I’ve thought a lot about Cassie during the past seven days, wondering why we even bothered to take her in because she gave us so little in return during the nearly ten years we had her. But every pet serves a purpose–teaches us a lesson, and in Cassie’s case, it was the lesson of unconditional love. Maybe that’s what this was really all about–to teach us how to respect and love someone even when they can’t give back. I’m betting someone reading this has a story to tell about a pet who brought out the best in you. I’d love to hear it.

Blessings on All of You,


One thought on “Pets: Bringing out the Best in Us…

  1. What a beautiful expression of unconditional love that not only benefited Cassie, but taught your extended family (i.e., grandkids) a valuable life lesson of selfless giving and no-questions-asked acceptance.

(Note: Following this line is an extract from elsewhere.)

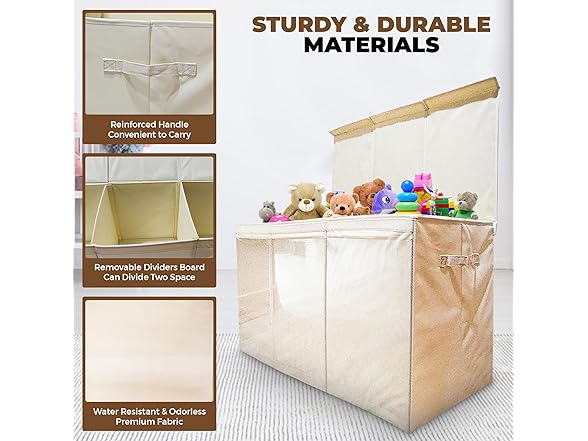 Large rectangle foldable fabric storage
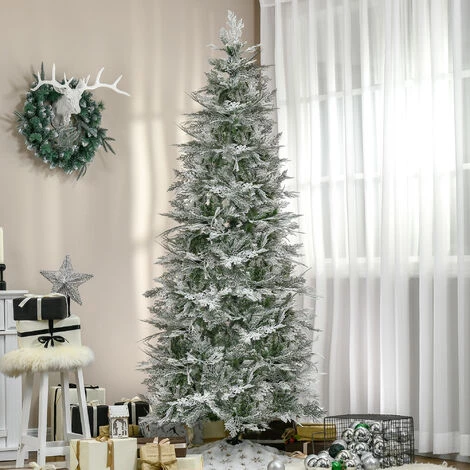 HOMCOM Sapin De Noël Artificiel Aspect Enneigé Ø 80 X 225H Cm Pied Support Inclus 880 Branches épines Grand Réalisme - Vert 4 HOMCOM Sapin De Noël Artificiel Aspect Enneigé Ø 80 X 225H Cm Pied Support Inclus 880 Branches épines Grand Réalisme - Vert – Image 2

    Our pets are family and we do what we must throughout and at the end of life, even when it isn’t easy or convenient. My Tinker, a rescued striped tabby, was my “bud.” We played fetch with her little plastic bottle tops and she lived a long life. But at age 17 she developed kidney issues and we gave her subcutaneous fluids to help make her more comfortable until it was obvious it was time to help her cross the rainbow bridge. Now, we’re going through IV fluids with another elderly kitty, Miss Lucy. You just do what you have to do and you do it out of love and respect.